§ WHAT THE TASK ASKS: Return nothing but the lines from the one with "Arctic fox (Vulpes" through the one with "آلو شابلون درشت و خوش طعم" in the data below, word for word and without pictures.

§ EXTRACTED DATA:
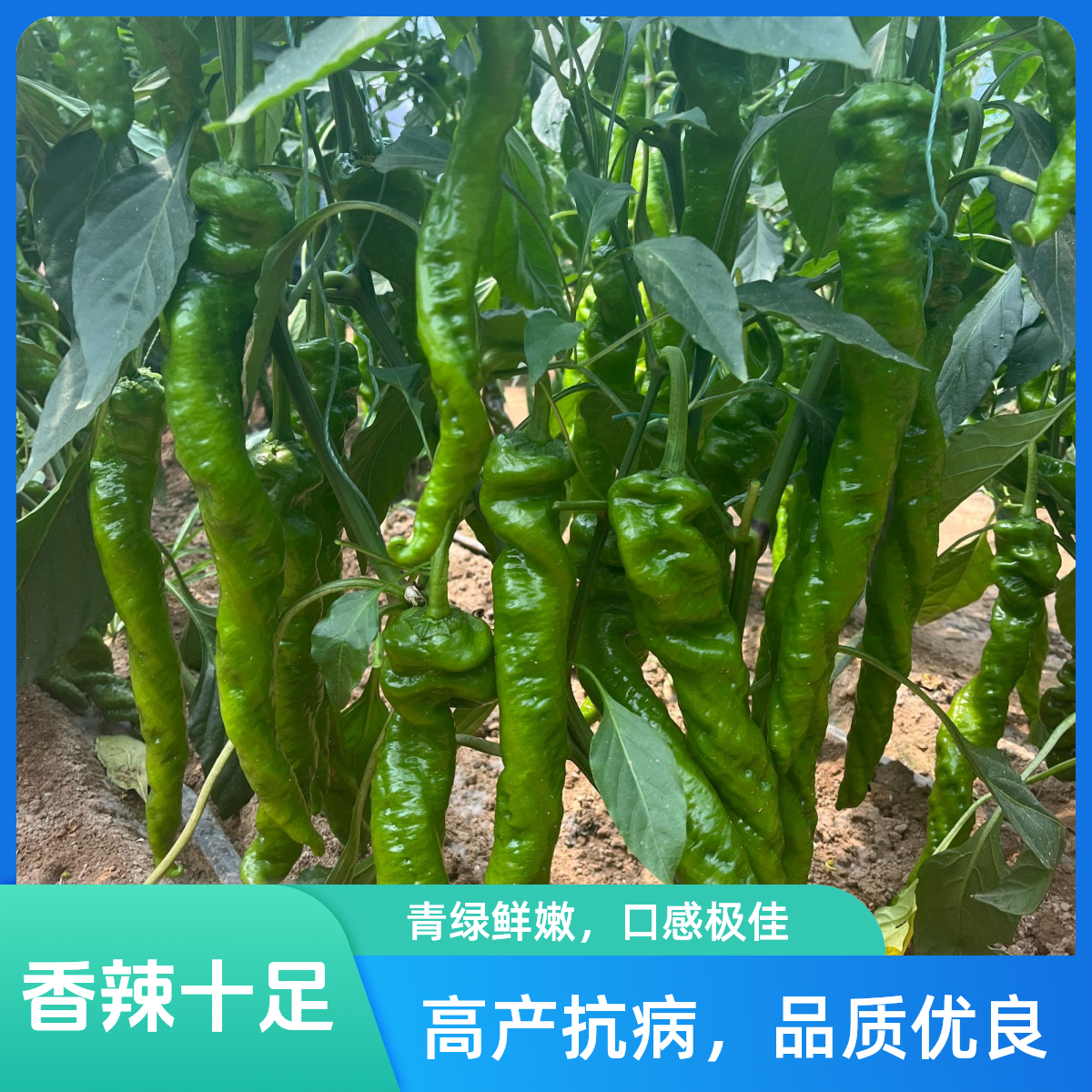 辣椒苗大全寿光苗场直发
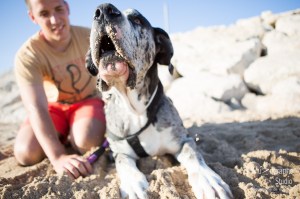 Minnie et Attila © Le MuZographe, Lisbonne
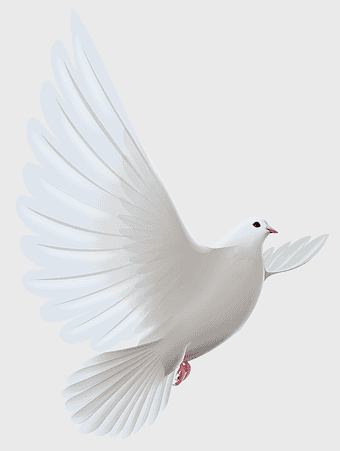 white dove in flight, doves as symbols of peace, bird prayer illustration, columbidae species, avian grace, feathered messenger, peace iconography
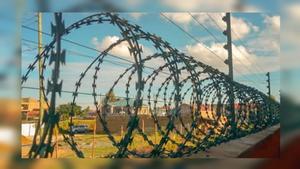 Sharp Green Coated Razor Wire - main view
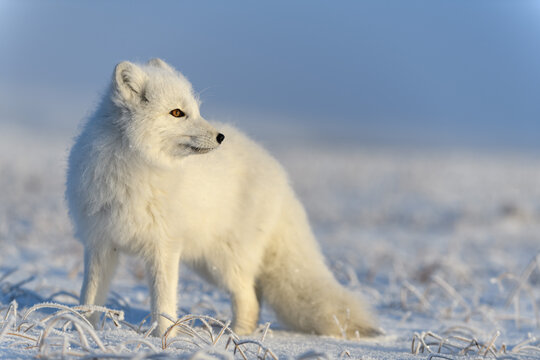 Arctic fox (Vulpes Lagopus) in wilde tundra. Arctic fox standing.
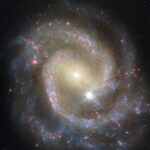 Spiral Galaxy NGC 3507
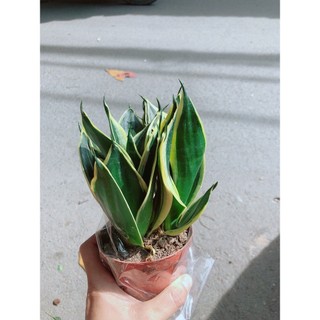 Lưỡi Hổ Thái Xanh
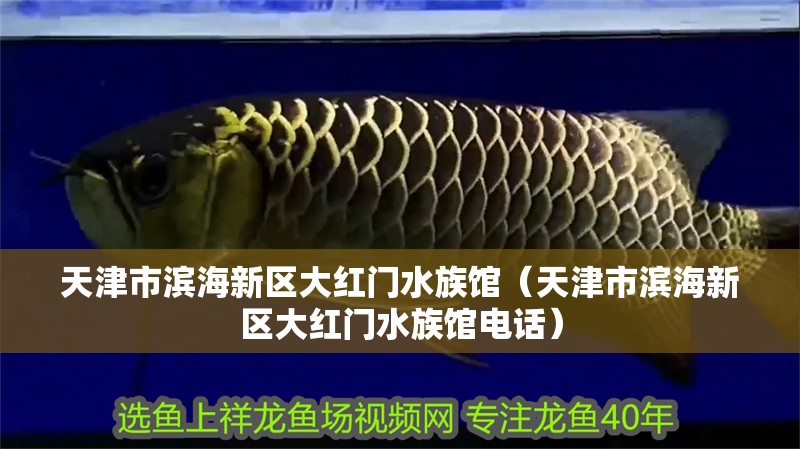 天津市濱海新區大紅門水族館（天津市濱海新區大紅門水族館電話）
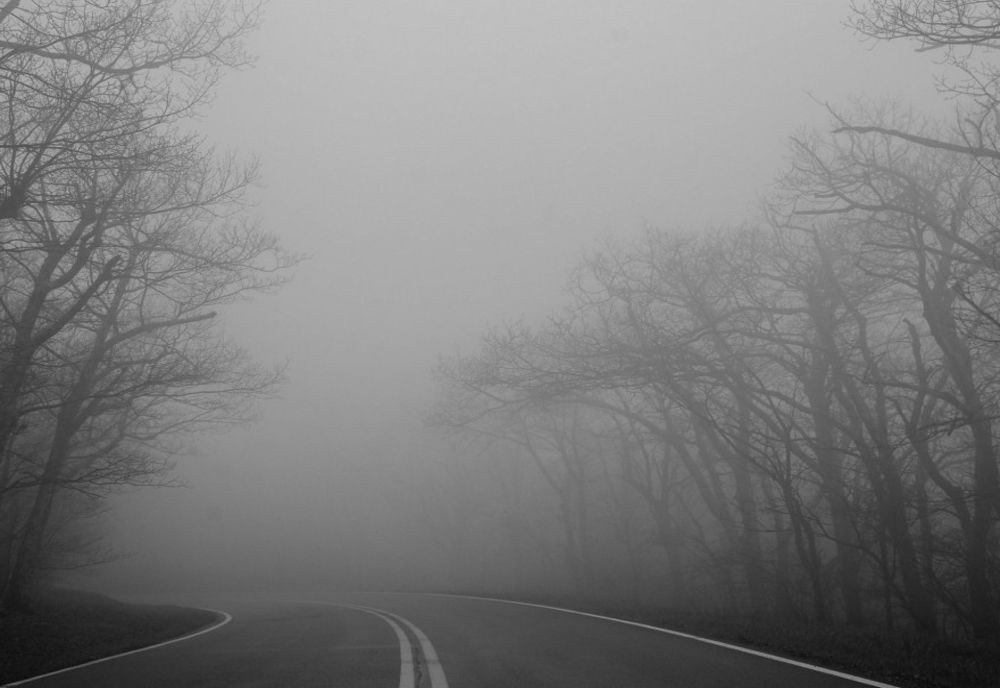 Coduri galbene de vânt și ceață în Dâmbovița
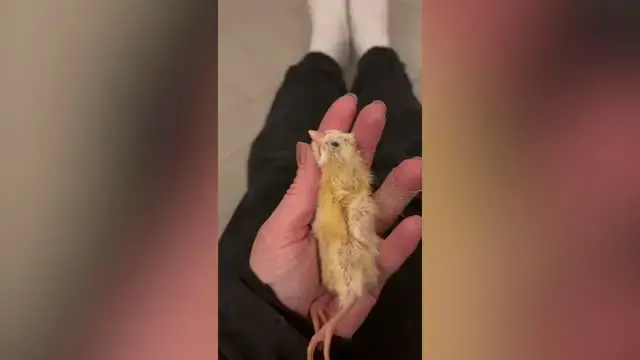 'Video thumbnail for Baby Chick Saved By A Blow Dryer | Wild-ish TV'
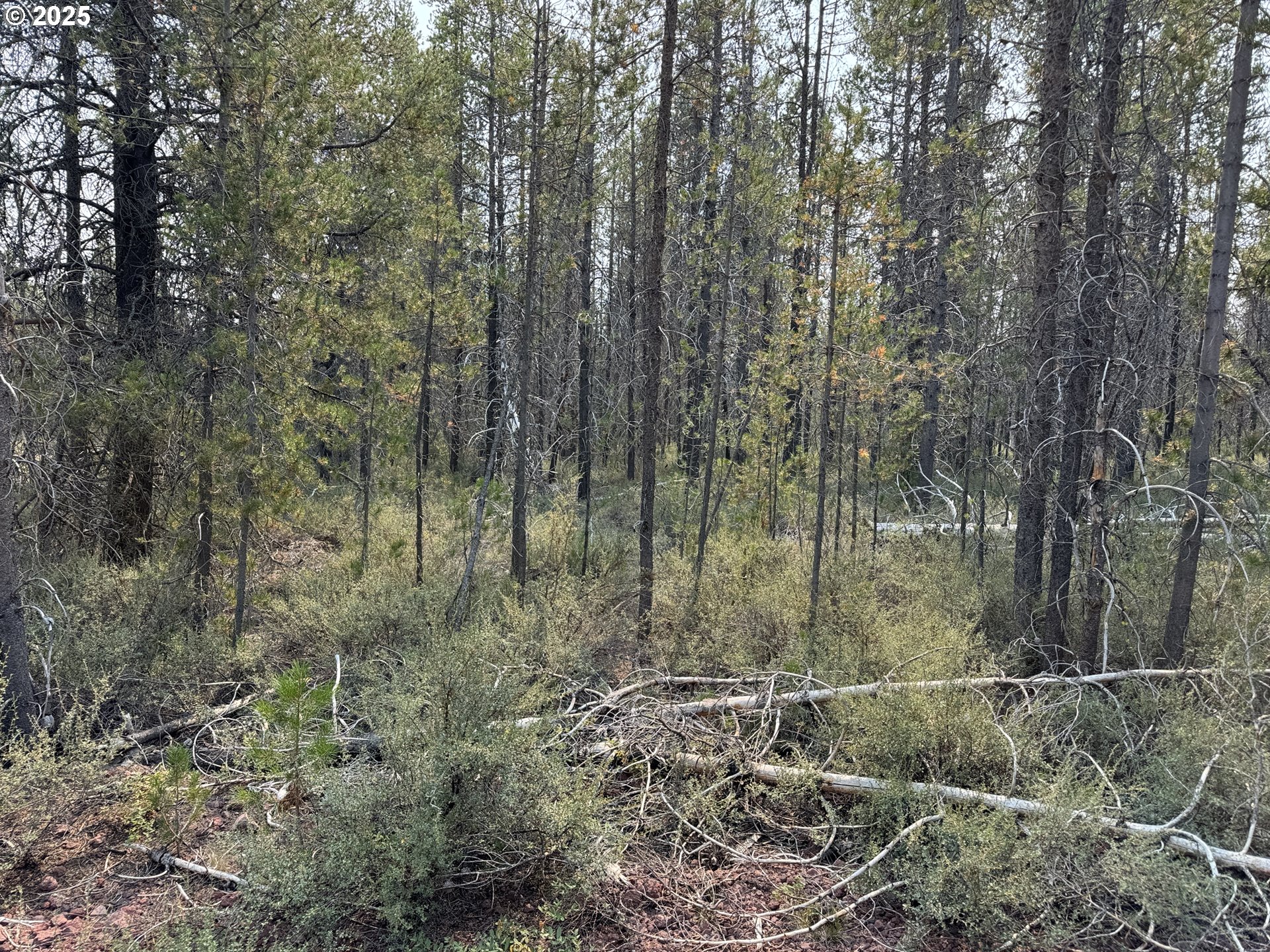 Cloudcap Drive, Unit 1 Chiloquin, OR 97624 - Photo 8 of 23 a view of a yard with large trees
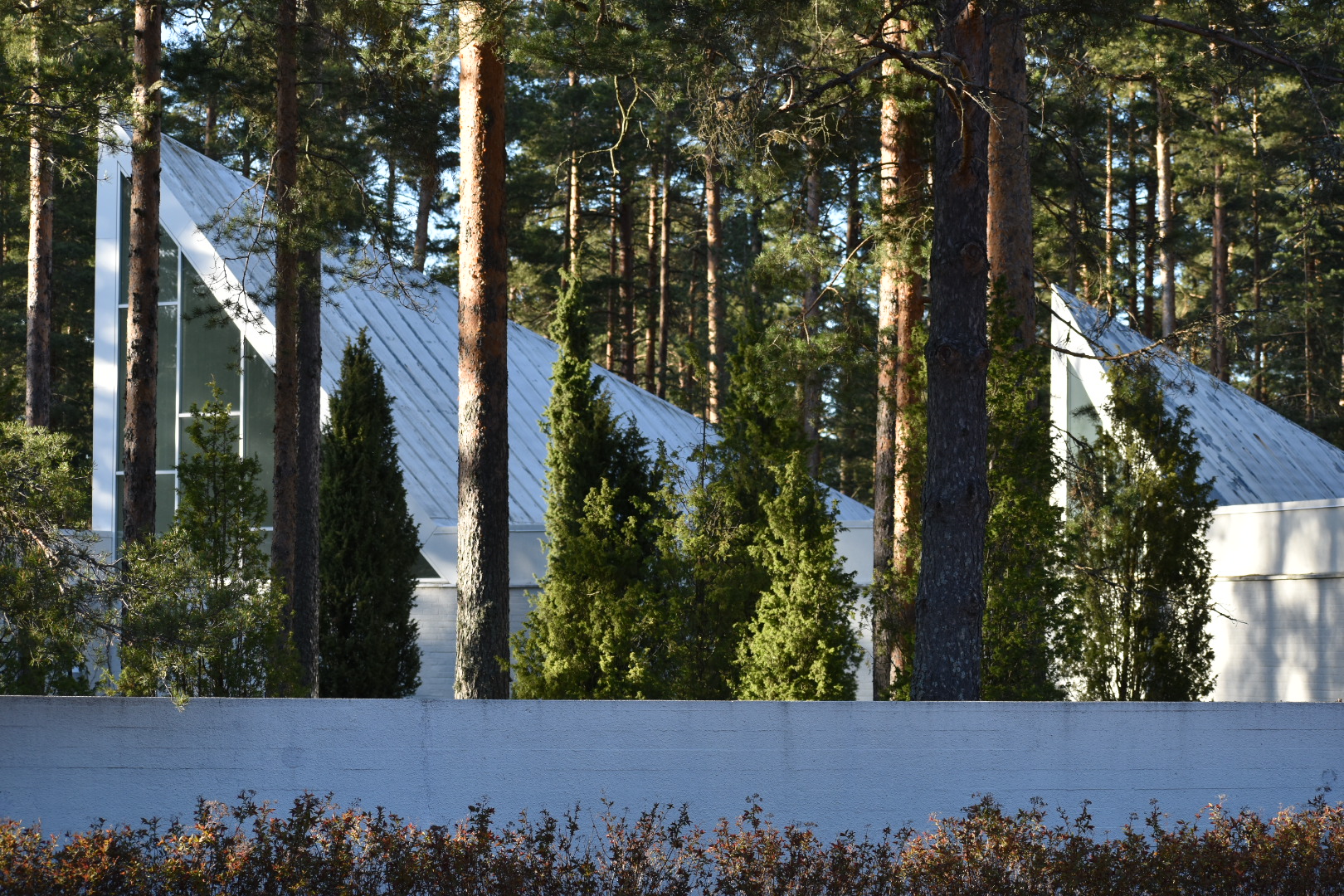 Ristiniemen kappeli mäntymetsän keskellä.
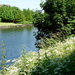Foto-Stadspark-Roeselare
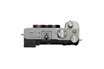 Sony ALPHA 7C SILVER + FE 35mm f/1.8 photo 3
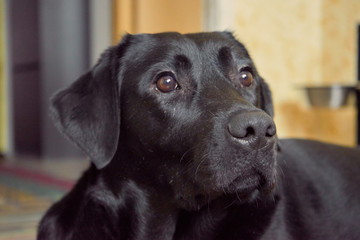 black dog play and sleep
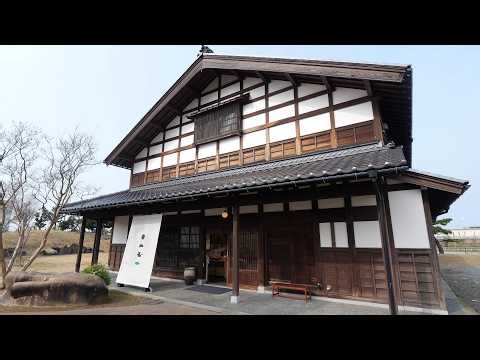 The company lunch that makes Sasa-zushi, Ishikawa Prefecture's soul food, is unbeatable!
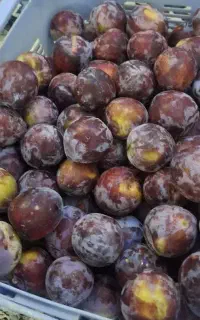 آلو شابلون درشت و خوش طعم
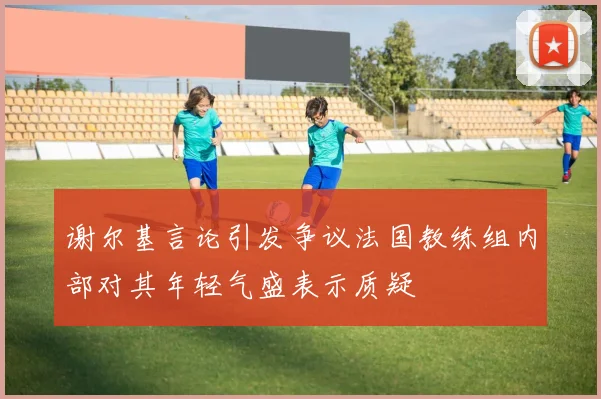谢尔基言论引发争议法国教练组内部对其年轻气盛表示质疑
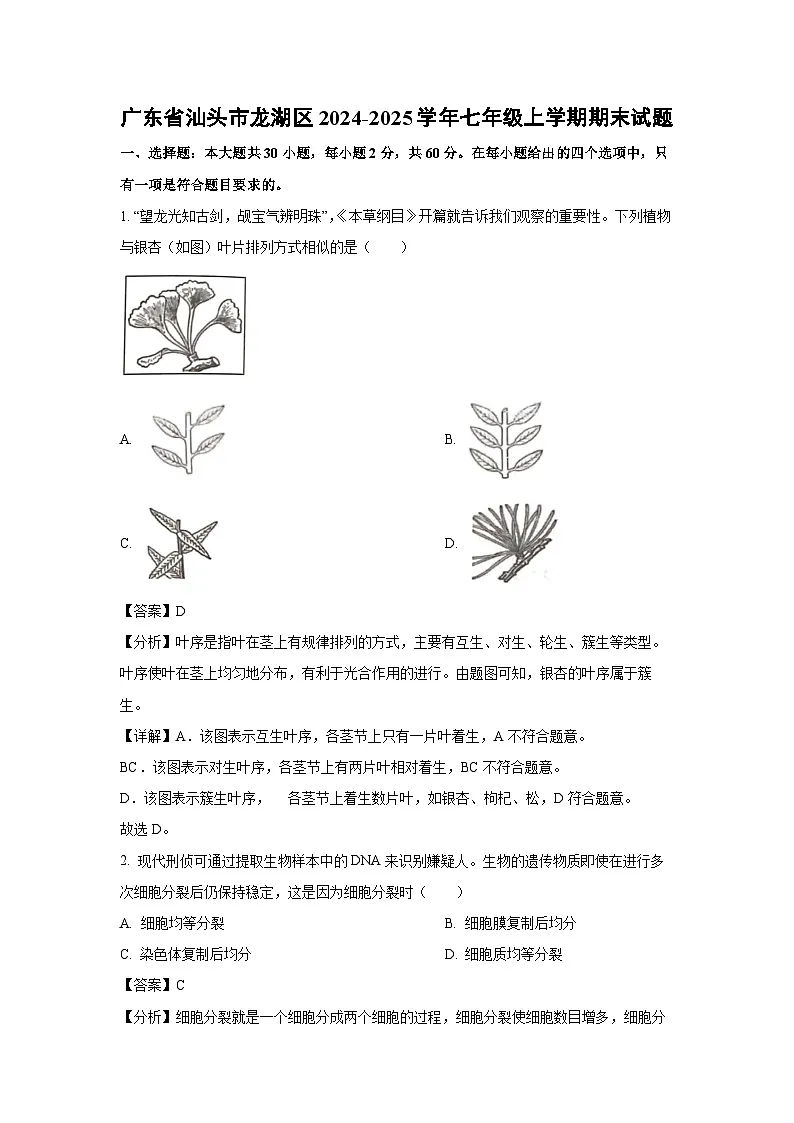 2024~2025学年广东省汕头市龙湖区七年级上学期期末生物试卷（解析版）第1页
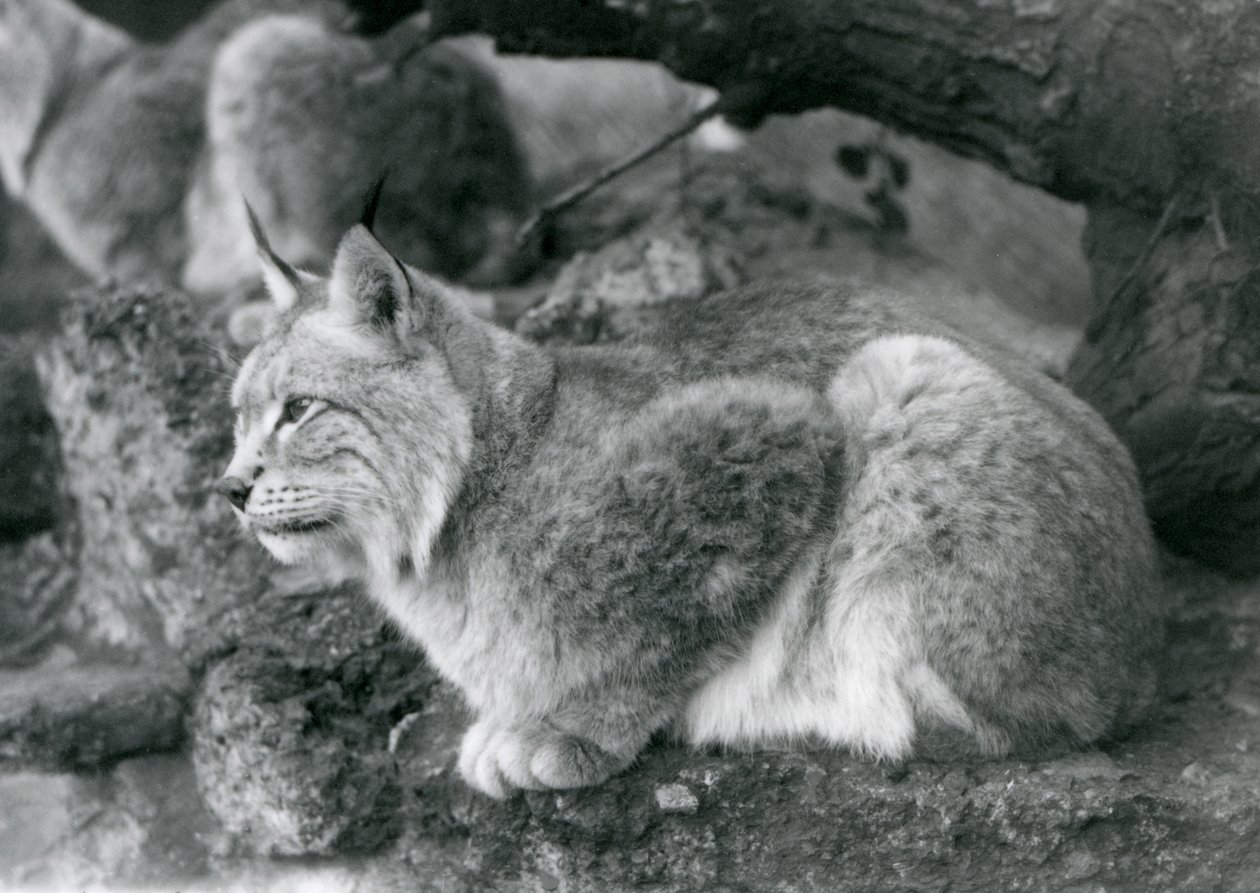 Una lince del nord seduta su una roccia, Zoo di Londra, ottobre 1925 da Frederick William Bond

§ WRITTEN SOLUTION:
 Arctic fox (Vulpes Lagopus) in wilde tundra. Arctic fox standing.
 Spiral Galaxy NGC 3507
 Lưỡi Hổ Thái Xanh
 天津市濱海新區大紅門水族館（天津市濱海新區大紅門水族館電話）
 Coduri galbene de vânt și ceață în Dâmbovița
 'Video thumbnail for Baby Chick Saved By A Blow Dryer | Wild-ish TV'
 Cloudcap Drive, Unit 1 Chiloquin, OR 97624 - Photo 8 of 23 a view of a yard with large trees
 Ristiniemen kappeli mäntymetsän keskellä.
Foto-Stadspark-Roeselare
 Sony ALPHA 7C SILVER + FE 35mm f/1.8 photo 3
 black dog play and sleep
 The company lunch that makes Sasa-zushi, Ishikawa Prefecture's soul food, is unbeatable!
 آلو شابلون درشت و خوش طعم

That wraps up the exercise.